(Free-text object descriptions)
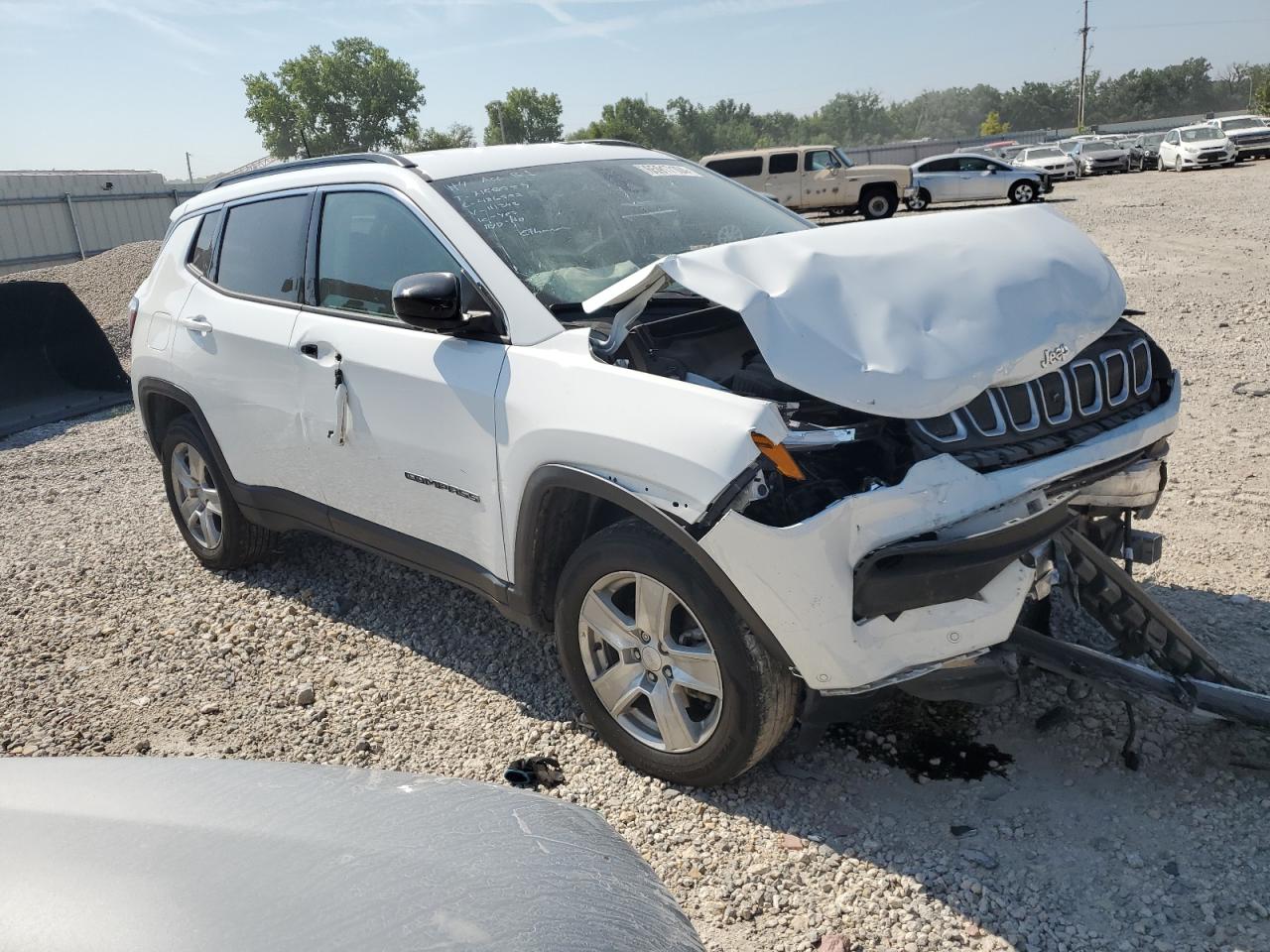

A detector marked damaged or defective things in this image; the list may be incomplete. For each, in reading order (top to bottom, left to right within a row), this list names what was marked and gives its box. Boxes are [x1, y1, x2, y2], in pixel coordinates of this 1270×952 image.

crumpled hood [583, 206, 1119, 418]
deployed airbag [579, 206, 1127, 418]
broken bumper [695, 373, 1183, 690]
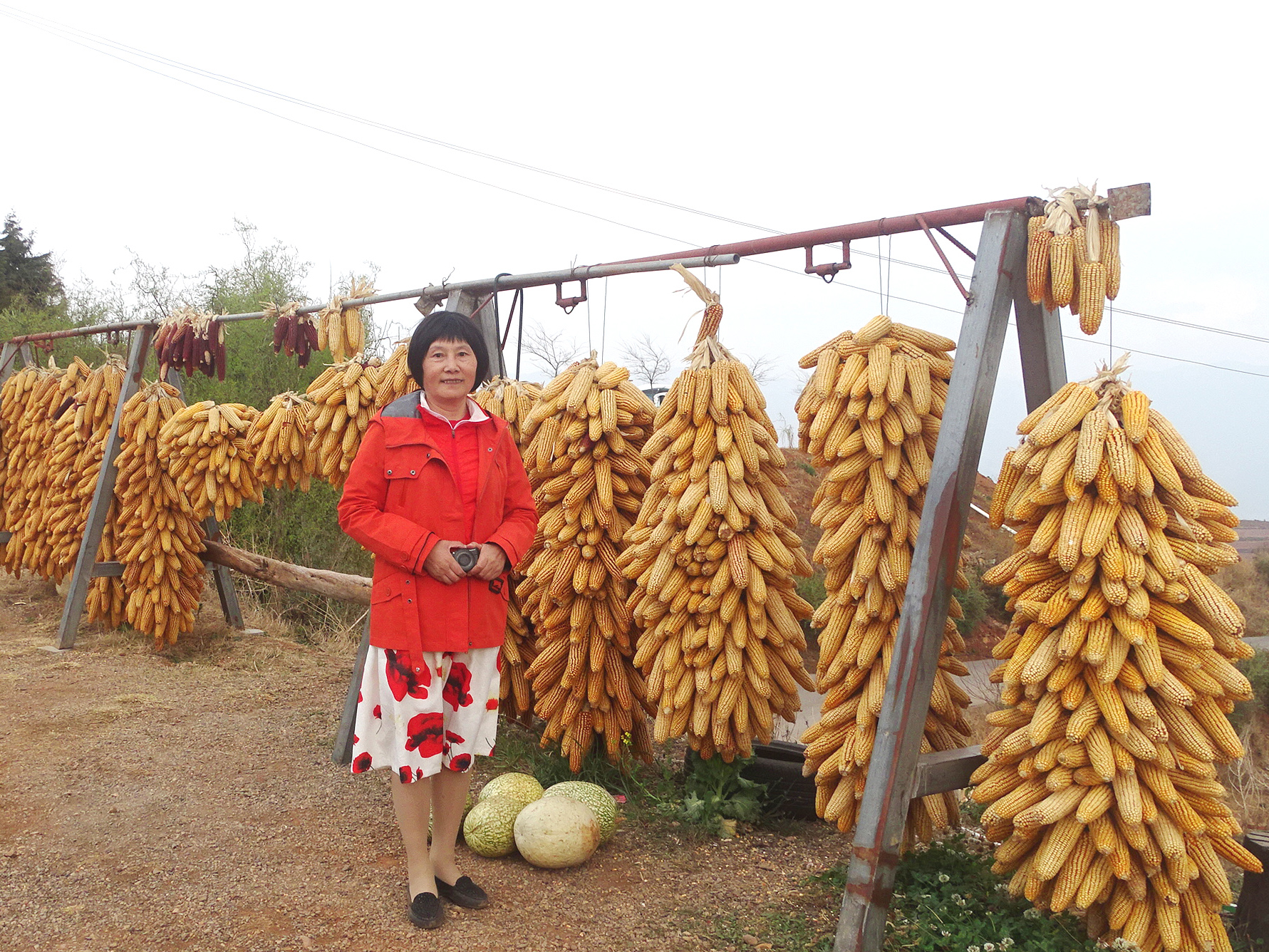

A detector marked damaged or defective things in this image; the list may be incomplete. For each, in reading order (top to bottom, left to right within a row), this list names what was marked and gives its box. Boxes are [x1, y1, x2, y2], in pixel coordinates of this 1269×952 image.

rusty metal pole [832, 209, 1032, 952]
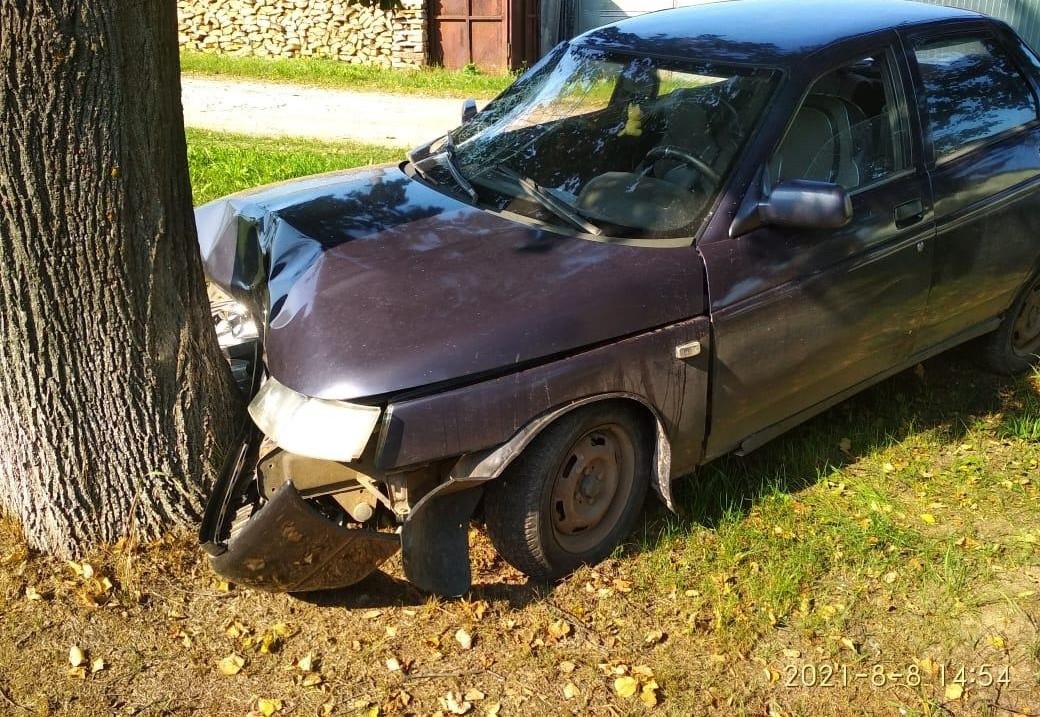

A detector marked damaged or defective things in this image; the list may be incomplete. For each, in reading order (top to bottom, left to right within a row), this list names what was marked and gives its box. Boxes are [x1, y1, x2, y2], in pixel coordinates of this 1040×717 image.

crumpled car hood [197, 164, 708, 402]
crashed dark car [195, 0, 1040, 592]
damaged headlight [248, 378, 382, 462]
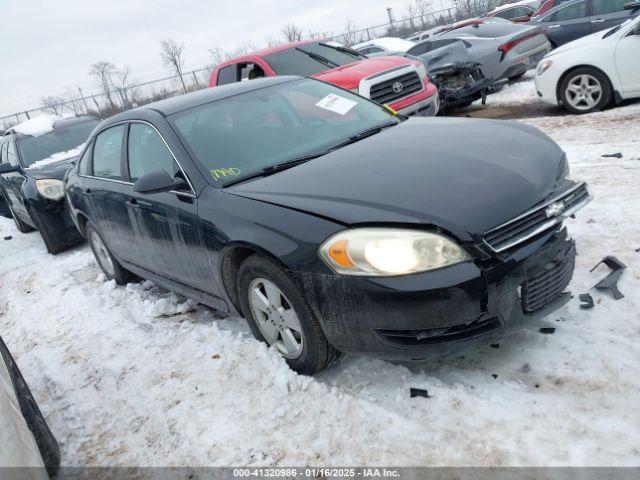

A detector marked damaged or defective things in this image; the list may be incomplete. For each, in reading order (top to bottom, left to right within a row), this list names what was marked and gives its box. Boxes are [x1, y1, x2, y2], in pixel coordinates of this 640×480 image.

Work order >>
Set the pictures aside and restate word for word only the lines from the line containing "this 1269×952 image." through the end of the entries above, both included.

Answer below >>
A detector marked damaged or defective things in this image; the list may be incomplete. For each, in reading order (top to bottom, left to right within a row), this list names what was marked and gives its box. Boxes are [x1, y1, x2, y2], in pixel coordinates of this 1269×952 image.

rusty metal pole [832, 209, 1032, 952]

A detector marked damaged or defective things in this image; the list may be incomplete. For each, in reading order (top to bottom, left to right within a row), this list names what was marked and gives its box. Boxes are [x1, y1, x2, y2], in pixel coordinates of this 1040×717 image.

crumpled car hood [197, 164, 708, 402]
crashed dark car [195, 0, 1040, 592]
damaged headlight [248, 378, 382, 462]

A detector marked damaged or defective things in this image; the list may be incomplete. For each, in reading order (top to bottom, left to right within a row), this list names what was marked and gives its box. Boxes are [x1, y1, x2, y2], in pixel coordinates of this 640×480 image.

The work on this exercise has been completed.